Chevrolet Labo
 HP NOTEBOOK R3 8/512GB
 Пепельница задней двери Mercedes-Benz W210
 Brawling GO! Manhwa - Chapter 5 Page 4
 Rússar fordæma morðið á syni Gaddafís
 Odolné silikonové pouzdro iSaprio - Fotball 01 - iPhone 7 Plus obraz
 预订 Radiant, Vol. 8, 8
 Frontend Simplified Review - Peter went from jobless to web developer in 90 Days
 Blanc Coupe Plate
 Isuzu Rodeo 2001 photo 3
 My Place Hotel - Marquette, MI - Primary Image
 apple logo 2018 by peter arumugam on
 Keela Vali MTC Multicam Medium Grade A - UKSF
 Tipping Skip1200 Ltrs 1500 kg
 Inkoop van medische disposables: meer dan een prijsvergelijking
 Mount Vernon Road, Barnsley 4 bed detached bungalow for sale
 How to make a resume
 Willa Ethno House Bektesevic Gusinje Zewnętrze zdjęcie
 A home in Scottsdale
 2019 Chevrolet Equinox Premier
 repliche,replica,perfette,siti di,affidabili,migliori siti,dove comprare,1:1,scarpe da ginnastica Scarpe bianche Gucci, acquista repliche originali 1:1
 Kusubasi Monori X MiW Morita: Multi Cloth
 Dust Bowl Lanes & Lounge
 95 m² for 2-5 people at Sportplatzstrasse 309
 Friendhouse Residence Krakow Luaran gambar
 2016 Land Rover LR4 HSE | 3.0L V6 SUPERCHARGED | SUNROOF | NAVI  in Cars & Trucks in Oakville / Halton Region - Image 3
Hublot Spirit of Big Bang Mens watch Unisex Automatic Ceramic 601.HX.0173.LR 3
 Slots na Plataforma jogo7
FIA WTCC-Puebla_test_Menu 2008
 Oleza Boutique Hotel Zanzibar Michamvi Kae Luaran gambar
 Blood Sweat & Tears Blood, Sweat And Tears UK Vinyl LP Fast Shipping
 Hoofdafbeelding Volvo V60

====

What is required
Take the lines above from the one containing "Blanc Coupe Plate" to the one containing "2019 Chevrolet Equinox Premier" and retype them exactly, both ends included, with nothing added.

Expected answer
 Blanc Coupe Plate
 Isuzu Rodeo 2001 photo 3
 My Place Hotel - Marquette, MI - Primary Image
 apple logo 2018 by peter arumugam on
 Keela Vali MTC Multicam Medium Grade A - UKSF
 Tipping Skip1200 Ltrs 1500 kg
 Inkoop van medische disposables: meer dan een prijsvergelijking
 Mount Vernon Road, Barnsley 4 bed detached bungalow for sale
 How to make a resume
 Willa Ethno House Bektesevic Gusinje Zewnętrze zdjęcie
 A home in Scottsdale
 2019 Chevrolet Equinox Premier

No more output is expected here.